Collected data
----
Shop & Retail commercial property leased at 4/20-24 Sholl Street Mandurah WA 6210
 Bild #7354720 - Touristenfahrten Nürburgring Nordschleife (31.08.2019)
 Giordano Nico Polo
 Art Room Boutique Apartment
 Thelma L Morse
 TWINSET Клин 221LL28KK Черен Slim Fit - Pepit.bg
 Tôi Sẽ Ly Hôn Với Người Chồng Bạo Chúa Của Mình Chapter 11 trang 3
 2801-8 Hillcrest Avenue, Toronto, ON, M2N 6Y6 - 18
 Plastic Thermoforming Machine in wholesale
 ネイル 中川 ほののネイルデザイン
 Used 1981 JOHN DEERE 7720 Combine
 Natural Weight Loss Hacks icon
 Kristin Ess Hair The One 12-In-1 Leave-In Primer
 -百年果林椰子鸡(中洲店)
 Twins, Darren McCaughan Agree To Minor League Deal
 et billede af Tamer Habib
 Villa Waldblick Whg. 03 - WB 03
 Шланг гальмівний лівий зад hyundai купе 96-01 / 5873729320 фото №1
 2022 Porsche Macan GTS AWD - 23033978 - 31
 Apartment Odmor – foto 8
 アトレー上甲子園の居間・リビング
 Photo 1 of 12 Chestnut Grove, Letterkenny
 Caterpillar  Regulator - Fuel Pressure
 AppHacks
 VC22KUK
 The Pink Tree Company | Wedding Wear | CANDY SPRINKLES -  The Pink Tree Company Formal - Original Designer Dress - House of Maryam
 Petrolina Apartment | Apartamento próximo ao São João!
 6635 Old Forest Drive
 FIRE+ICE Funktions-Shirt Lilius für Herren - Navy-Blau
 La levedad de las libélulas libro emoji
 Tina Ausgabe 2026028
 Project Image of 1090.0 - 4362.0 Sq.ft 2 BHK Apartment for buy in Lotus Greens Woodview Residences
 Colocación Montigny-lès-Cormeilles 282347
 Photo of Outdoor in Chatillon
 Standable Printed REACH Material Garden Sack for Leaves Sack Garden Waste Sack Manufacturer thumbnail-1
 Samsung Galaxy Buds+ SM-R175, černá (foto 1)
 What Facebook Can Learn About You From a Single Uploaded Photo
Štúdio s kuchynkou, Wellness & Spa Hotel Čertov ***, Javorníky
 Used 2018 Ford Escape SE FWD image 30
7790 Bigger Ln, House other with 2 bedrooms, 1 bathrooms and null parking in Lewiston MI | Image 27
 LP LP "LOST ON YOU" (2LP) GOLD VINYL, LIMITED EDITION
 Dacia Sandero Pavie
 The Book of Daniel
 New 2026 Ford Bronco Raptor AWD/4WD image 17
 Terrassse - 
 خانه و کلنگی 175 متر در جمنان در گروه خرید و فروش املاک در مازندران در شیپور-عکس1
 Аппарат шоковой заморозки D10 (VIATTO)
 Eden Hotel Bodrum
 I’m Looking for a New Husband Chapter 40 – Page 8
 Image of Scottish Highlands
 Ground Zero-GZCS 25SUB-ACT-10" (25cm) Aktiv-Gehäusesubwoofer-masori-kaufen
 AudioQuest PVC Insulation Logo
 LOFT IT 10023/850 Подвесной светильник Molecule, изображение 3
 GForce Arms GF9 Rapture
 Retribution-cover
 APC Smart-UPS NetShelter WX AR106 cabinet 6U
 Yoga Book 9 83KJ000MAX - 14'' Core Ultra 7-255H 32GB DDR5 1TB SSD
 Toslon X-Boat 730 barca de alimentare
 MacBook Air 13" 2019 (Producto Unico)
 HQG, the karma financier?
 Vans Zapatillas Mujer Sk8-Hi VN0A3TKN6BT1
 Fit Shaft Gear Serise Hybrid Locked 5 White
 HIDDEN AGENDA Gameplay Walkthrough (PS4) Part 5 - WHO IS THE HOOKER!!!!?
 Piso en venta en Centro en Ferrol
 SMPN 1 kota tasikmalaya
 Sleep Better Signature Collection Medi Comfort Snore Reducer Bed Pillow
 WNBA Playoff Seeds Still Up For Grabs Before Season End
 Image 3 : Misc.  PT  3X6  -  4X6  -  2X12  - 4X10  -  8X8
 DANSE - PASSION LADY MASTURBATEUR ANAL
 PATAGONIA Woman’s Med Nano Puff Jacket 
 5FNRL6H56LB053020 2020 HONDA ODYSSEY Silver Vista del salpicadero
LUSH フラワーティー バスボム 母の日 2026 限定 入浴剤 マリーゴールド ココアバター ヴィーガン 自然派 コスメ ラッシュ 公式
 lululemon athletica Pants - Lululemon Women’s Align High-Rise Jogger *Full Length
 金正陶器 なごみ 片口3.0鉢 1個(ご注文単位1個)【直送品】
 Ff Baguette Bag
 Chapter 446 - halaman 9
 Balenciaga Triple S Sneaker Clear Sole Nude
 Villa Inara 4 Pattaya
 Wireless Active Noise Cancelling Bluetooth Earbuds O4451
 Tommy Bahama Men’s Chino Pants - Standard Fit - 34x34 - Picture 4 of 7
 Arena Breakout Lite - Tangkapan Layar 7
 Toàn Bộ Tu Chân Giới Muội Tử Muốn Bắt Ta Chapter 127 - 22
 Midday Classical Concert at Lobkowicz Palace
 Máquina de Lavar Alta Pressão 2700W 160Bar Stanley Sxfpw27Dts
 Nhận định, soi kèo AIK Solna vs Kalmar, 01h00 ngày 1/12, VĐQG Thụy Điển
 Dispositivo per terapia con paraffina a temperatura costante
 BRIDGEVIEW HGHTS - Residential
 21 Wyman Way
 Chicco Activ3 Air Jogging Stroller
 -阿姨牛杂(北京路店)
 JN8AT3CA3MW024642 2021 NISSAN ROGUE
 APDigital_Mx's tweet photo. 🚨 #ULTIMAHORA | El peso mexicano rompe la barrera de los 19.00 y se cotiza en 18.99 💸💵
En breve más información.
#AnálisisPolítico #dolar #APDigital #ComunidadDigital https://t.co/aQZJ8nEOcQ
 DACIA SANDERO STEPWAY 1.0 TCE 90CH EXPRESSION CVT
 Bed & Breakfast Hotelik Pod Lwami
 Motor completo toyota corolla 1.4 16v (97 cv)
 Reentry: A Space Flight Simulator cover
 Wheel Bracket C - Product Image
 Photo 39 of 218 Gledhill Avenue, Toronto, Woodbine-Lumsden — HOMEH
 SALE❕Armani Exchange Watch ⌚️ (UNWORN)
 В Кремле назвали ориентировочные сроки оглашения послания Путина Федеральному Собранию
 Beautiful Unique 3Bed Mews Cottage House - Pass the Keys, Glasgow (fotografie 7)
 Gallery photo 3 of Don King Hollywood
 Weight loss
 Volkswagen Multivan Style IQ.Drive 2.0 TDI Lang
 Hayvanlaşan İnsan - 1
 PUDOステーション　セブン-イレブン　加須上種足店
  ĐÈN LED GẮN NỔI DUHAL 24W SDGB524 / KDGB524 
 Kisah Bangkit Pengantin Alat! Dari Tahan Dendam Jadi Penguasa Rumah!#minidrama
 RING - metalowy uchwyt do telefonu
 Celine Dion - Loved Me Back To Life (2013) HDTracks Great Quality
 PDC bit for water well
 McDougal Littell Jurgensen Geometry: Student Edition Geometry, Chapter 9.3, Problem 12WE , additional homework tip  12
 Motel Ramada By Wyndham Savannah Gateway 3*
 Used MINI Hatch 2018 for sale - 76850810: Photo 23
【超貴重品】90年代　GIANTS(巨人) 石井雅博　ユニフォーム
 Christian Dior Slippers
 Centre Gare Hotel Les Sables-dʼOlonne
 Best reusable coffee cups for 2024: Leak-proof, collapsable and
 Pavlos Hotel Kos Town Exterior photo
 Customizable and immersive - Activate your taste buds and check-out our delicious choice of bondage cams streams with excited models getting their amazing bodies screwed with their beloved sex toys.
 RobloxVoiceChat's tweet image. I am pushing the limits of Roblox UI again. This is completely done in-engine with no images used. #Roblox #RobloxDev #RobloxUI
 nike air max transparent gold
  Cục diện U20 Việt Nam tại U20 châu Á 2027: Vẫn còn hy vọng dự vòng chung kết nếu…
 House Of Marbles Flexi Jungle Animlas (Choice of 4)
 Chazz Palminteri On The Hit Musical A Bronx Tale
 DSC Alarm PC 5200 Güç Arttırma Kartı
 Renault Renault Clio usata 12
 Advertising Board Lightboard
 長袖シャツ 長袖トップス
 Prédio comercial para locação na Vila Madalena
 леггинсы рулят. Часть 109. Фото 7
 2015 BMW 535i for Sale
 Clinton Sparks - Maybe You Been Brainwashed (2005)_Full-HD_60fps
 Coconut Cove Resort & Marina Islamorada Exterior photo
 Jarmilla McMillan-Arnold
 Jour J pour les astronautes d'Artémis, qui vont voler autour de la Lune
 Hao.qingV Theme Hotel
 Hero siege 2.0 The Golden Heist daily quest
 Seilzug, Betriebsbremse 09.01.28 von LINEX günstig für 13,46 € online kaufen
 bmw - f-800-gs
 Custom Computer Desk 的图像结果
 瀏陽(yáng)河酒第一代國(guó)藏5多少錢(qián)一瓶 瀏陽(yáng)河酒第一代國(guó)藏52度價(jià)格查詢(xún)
----
_Task instructions_: Start with the line that contains "Clinton Sparks - Maybe", end with the last line of the entries, and please retype every line in that span exactly, with no others.

_Output_:
 Clinton Sparks - Maybe You Been Brainwashed (2005)_Full-HD_60fps
 Coconut Cove Resort & Marina Islamorada Exterior photo
 Jarmilla McMillan-Arnold
 Jour J pour les astronautes d'Artémis, qui vont voler autour de la Lune
 Hao.qingV Theme Hotel
 Hero siege 2.0 The Golden Heist daily quest
 Seilzug, Betriebsbremse 09.01.28 von LINEX günstig für 13,46 € online kaufen
 bmw - f-800-gs
 Custom Computer Desk 的图像结果
 瀏陽(yáng)河酒第一代國(guó)藏5多少錢(qián)一瓶 瀏陽(yáng)河酒第一代國(guó)藏52度價(jià)格查詢(xún)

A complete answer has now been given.